Koalisi Masyarakat Sipil yang juga ketua YLBHI, Muhammad Isnur menyatakan prajurit TNI dididik, dilatih dan disiapkan untuk perang sesuai hakikat tentara, sehingga tidak ada urgensi bagi TNI untuk terlibat dalam bisnis.

"Militer tidak dibangun untuk kegiatan bisnis dan politik karena hal itu akan mengganggu profesionalismenya dan menurunkan kebanggaan sebagai seorang prajurit, yang akan berdampak pada disorientasi tugasnya dalam menjaga kedaulatan negara," kata Isnur.

Namun Kepala Staf Angkatan Darat (KSAD), Jenderal TNI Maruli Simanjuntak meyakini penghapusan pasal ini tidak akan menjadi masalah. Maruli menegaskan pemaknaan berbisnis adalah sah, bila dilakukan prajurit di luar jam dinas.

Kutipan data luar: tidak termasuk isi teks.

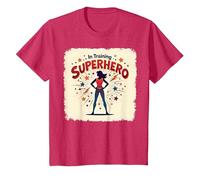 Superhero in Training Empowering Women Retro Comic Style T-Shirt, Kids, Red Heather, 8 Years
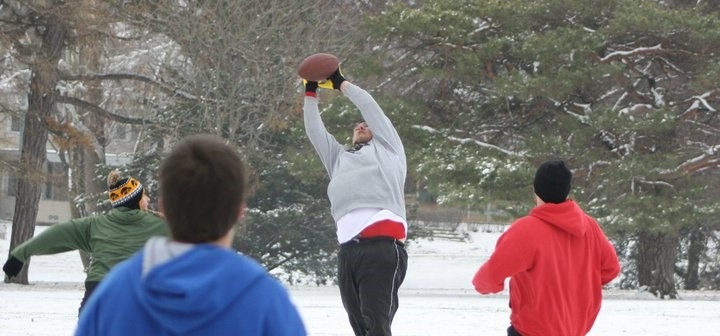 football in snow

“Kalau kita berbisnis, kata-kata bisnis itu bagaimana? Kalau kita buka warung, apak kita berbisnis tuh (namanya)? Kalau jual beli motor? Kalau belinya benar, tidak menggunakan kekuatan? Bisnis ya bisnis. Asalkan, misal saya mengambil alih (bisnis) menggunakan kekuatan. Itu tidak boleh,” kata Maruli di Markas Besar TNI-AD, Jakarta.
 

Baca Juga: Revisi UU TNI Diminta Kedepankan Jaminan Kesejahteraan Prajurit

Direktur Eksekutif Amnesty International Indonesia Usman Hamid menyebut usulan penghapusan TNI berbisnis, bukan hanya berdampak pada profesionalitas TNI. Pasalnya jika larangan berbisnis prajurit TNI dihapus, maka bukan tidak mungkin akan berpengaruh pada lemahnya usaha militer menjaga pertahanan negara. 

Usman menegaskan urgensi revisi Undang-Undang TNI bukan dengan mencabut larangan berbisnis prajurit, namun untuk memastikan kesejahteraan seluruh anggota TNI terjamin dengan anggaran negara.

Hal senada juga disuarakan oleh pengamat militer dari Institute for Security and Strategic Studies (ISESS), Khairul Fahmi yang menyatakan lebih baik secara organisasi maupun individu prajuritnya, TNI tetap fokus untuk mempertahankan dan melindungi keutuhan negara, bukan berbisnis. Fahmi mensinyalir adanya potensi korupsi dan penyalahgunaan kekuasaan, jika TNI terlibat langsung dalam pengelolaan bisnis.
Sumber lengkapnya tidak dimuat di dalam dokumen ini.